The attack this afternoon was not Otis' first infraction. A few weeks ago he attacked Chloe, our lovely barred rock, and opened up a sizable gash on her comb, which bled profusely. Chloe spent Christmas morning in our bathroom getting doctored up, and when she was ready to go back out Otis was put in a separate pen for a few days so that both would forget their altercation, which chickens often do. Brain the size of a peanut and all that.
But if we thought the temporary time-out/isolation worked, we were wrong. As I mentioned earlier, today I found Otis full-on fighting with Callie, our young Silver-Laced Wyandotte. And so, before another hen was injured, we decided Otis had to be culled.
And while it's never easy to put a bird down, as I was carrying Otis out into the garden and Big Ag was loading the shotgun, I thought about how many chickens grace my dinner plate every single year, and how each one of those chicken dinners represents a bird that died just like Otis was about to.
That's one thing that keeping animals has made me thankful for -- I never take for granted the meat or poultry I eat. I know something that once lived and breathed lost its life in order to be consumed by me, and I don't consume it as mindlessly as I once did.
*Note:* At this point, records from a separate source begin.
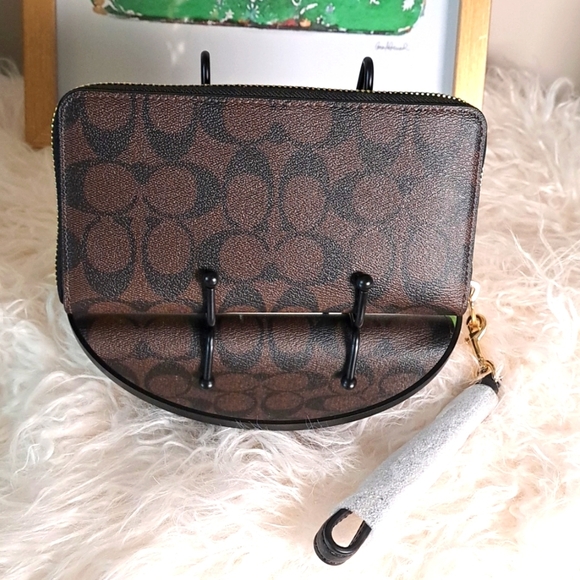 Coach NWTs Long Zip Around Wallet In Signature Canvas - Picture 3 of 8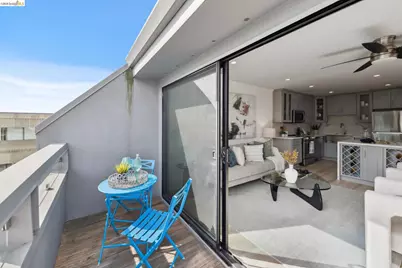 7 Embarcadero #204, Oakland, CA 94607 - Photo 18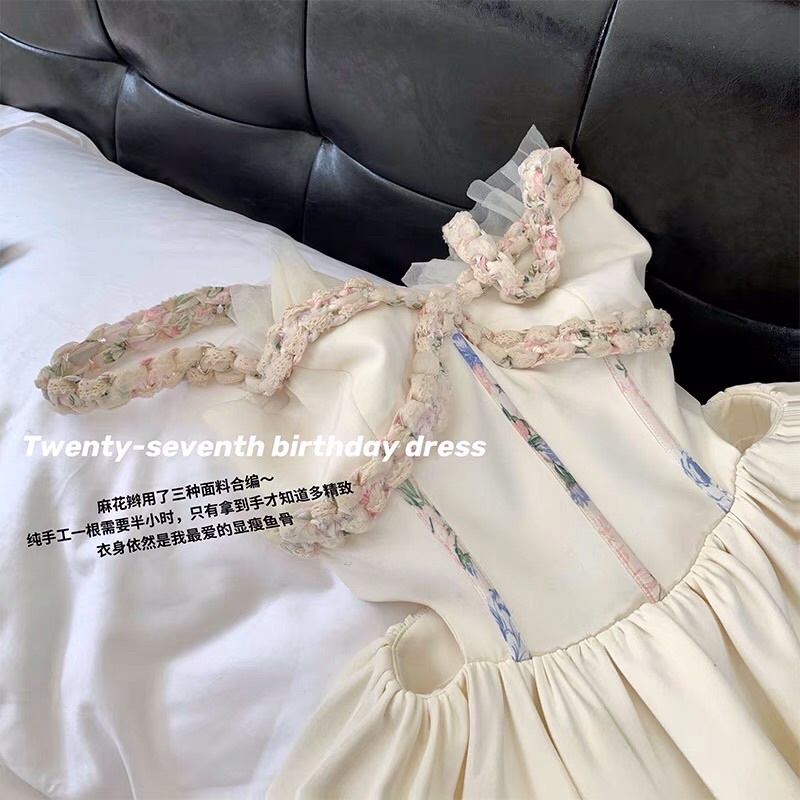 Đầm 2s khoét eo nữ tính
And so I say farewell to Otis and to roosters in general. We're planning on getting another couple of hens this spring and I'm sure there will be plenty of pecking-order drama when we integrate them into our flock of (now) only three birds. But while it may be difficult to watch the pecking order re-shuffle itself, it will settle down in time, which probably would not have happened with Otis.
Sometimes it's survival of the fittest, but in Otis' case it was a different rule, no less valid or important: Survival of the congenial.